Cosmic Seasoning: A Collection of Short Stories
on Dec. 29, 2016
This collection of speculative fiction stories was very fun to read. I enjoyed the “Polite Letter of Complaint” with the line: I would never insult such a rotund, mentally-deficient, greedy despot such as yourself. There are some news-relevant, deep stories mixed in with the humor and good times. “Emissary,” for example: How could I help how I was born? I didn’t make the choice to come into the world. And “A Politician Tell the Truth Before Armageddon” has the classic line: So yes, I do in fact believe that you’re all suckers for electing me. I think “Lux in Tenebris, Rendition #7,620” was my favorite story of the bunch.
on May 08, 2017
I read the book three times (in my quest for the secret scene). I enjoyed all three read-throughs. There is a good amount of suspense, making it more like a mystery-thriller, in several of the choices. It’s easy enough to believe that this could be real; that the characters could exist, as could the scenarios. Runaway was as fun to read as every other choose-your-adventure book I’ve picked up. It might be hardcore, it might be softcore, there are some HEA and some not, or it might just be a suspense with some romance… the reader decides.
I read erotica when it is written by someone I know or recommended to me. (This book was a recommendation.) I was pleasantly surprised by how fun this was to read. Perhaps because I was able to decide her fate. The only problem I had was that I didn’t get that secret bonus scene on the first read, so I had to go back! Okay, that’s not a bad problem to have, and speaks more to my stubborn determination. It was a fun journey.
It's Illegal, But It's Okay
on Sep. 25, 2017
The author states in the introduction that "the people who lived in New York could be so rude sometimes even when they were trying to be polite." Which, I feel, is an accurate summary with which anyone who has spent more than a week's time in NYC will agree.
Fagner faces various problems while living illegally in NYC. His downward spiral into crime is presented with varying degrees of humor as the play goes on.
There are so many social issues brought up in this that it's difficult to keep track.

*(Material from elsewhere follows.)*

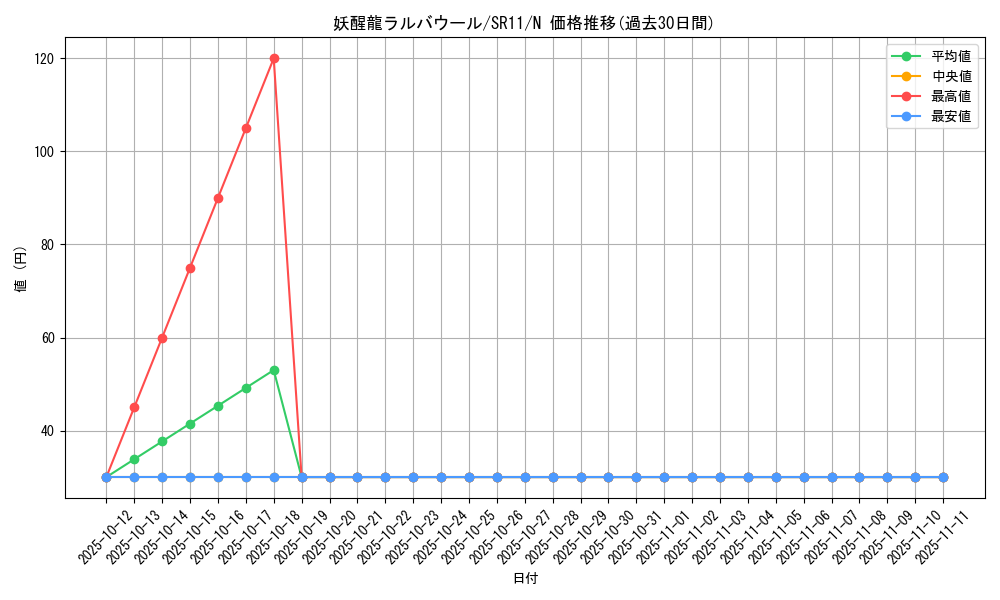 card_4125_series_6798_rarity_1_graph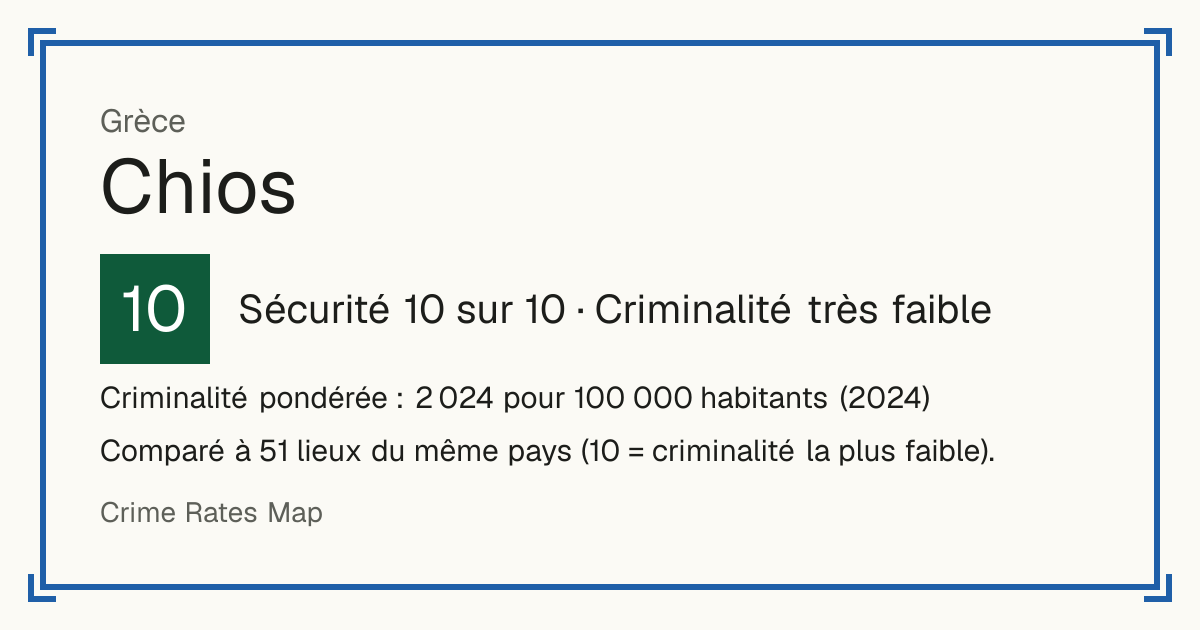 Chios, Grèce: Sécurité 10 sur 10 (Criminalité très faible). Criminalité pondérée : 2 024 pour 100 000 habitants (2024).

An excellent philosophical discussion could (and should) be held after concluding this.
The second character, a color-blind man from Iran named Oman, is a Catholic Republican who doesn't look or sound like a "white American," which is the source of most of his problems in the script. Anyone who has ever been mistaken for a culture, nationality, religion, or such to which they do not belong will easily relate. That's what I enjoyed about this.